*Action item:*
Please restate word for word the lines from the top of the entries through the line that contains "To learn more", and do not include any pictures.

*Stored items:*
□ □ □ □ □ □ □

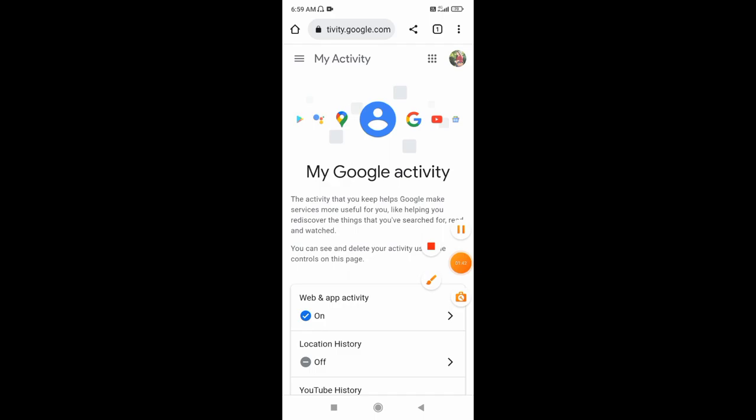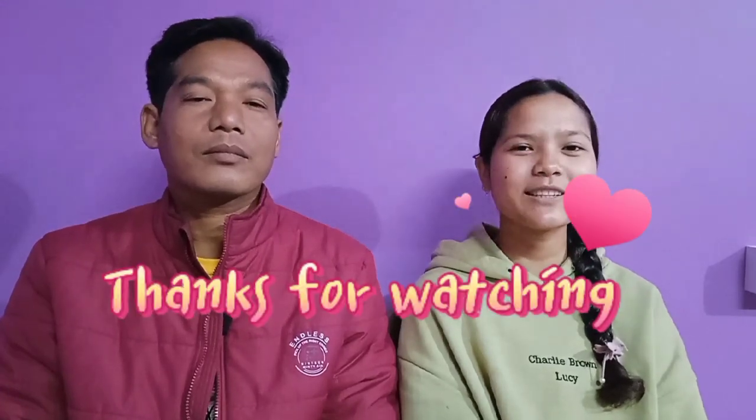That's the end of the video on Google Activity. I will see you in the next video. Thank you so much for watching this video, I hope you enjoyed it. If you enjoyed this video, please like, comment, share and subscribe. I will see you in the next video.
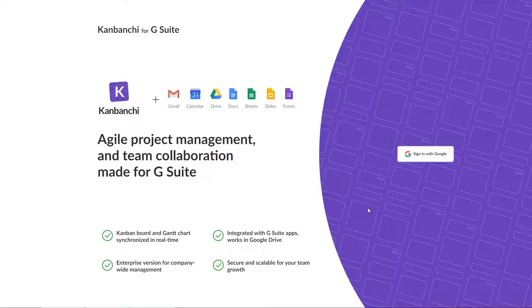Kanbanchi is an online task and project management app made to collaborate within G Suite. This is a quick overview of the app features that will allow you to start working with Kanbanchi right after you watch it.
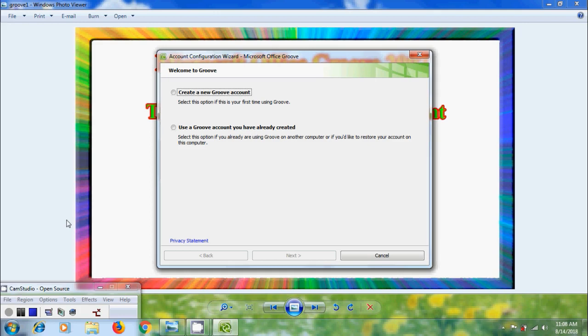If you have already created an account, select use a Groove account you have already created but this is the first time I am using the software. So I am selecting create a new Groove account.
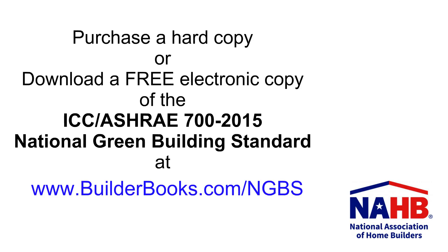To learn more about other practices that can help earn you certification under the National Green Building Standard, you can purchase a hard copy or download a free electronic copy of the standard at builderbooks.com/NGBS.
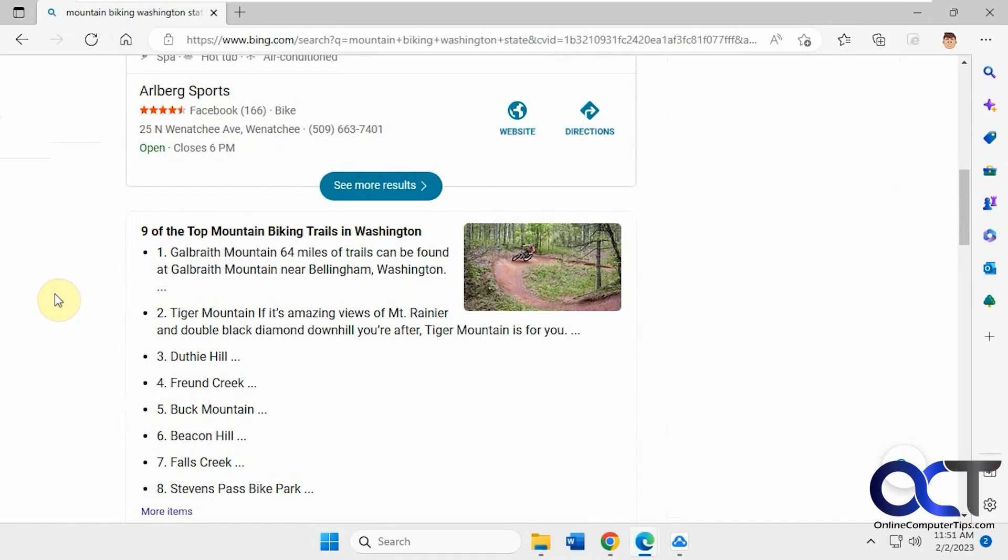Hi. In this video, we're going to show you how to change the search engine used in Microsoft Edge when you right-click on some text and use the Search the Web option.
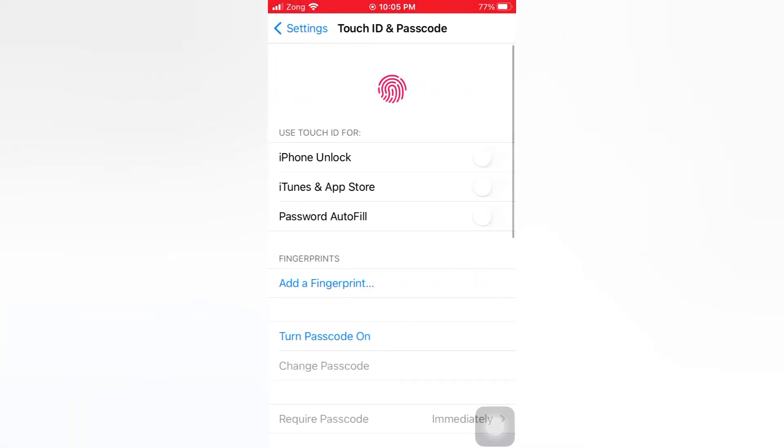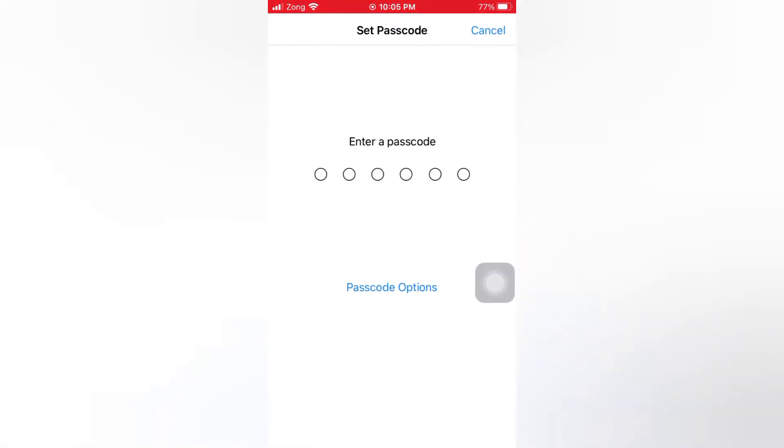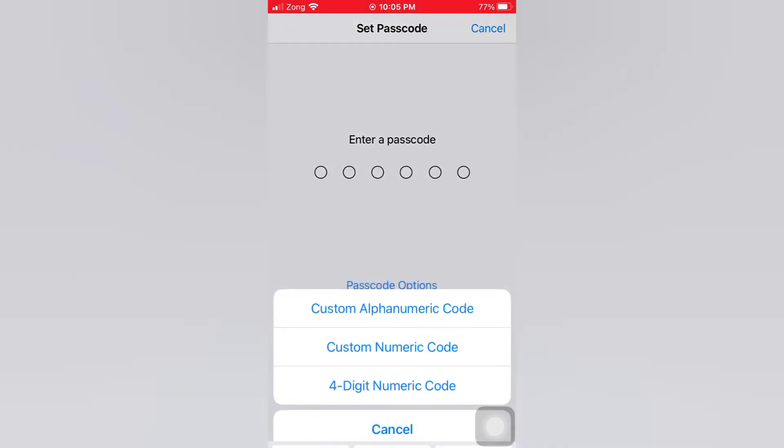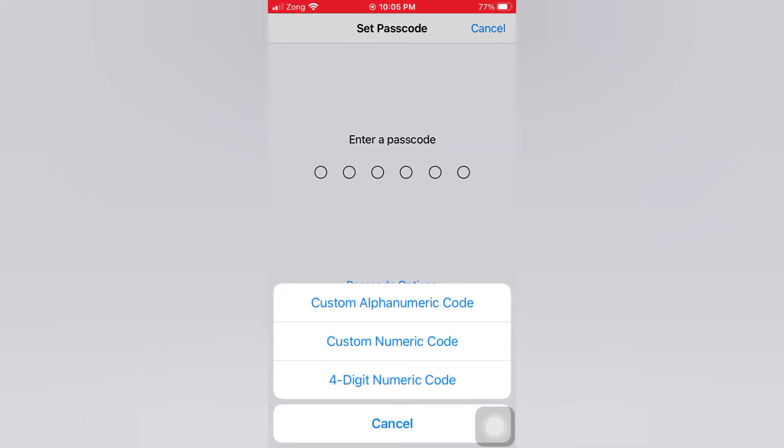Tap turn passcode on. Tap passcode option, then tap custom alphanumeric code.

□ □ □ □ □ □ □

*Your solution:*
That's the end of the video on Google Activity. I will see you in the next video. Thank you so much for watching this video, I hope you enjoyed it. If you enjoyed this video, please like, comment, share and subscribe. I will see you in the next video.
Kanbanchi is an online task and project management app made to collaborate within G Suite. This is a quick overview of the app features that will allow you to start working with Kanbanchi right after you watch it.
If you have already created an account, select use a Groove account you have already created but this is the first time I am using the software. So I am selecting create a new Groove account.
To learn more about other practices that can help earn you certification under the National Green Building Standard, you can purchase a hard copy or download a free electronic copy of the standard at builderbooks.com/NGBS.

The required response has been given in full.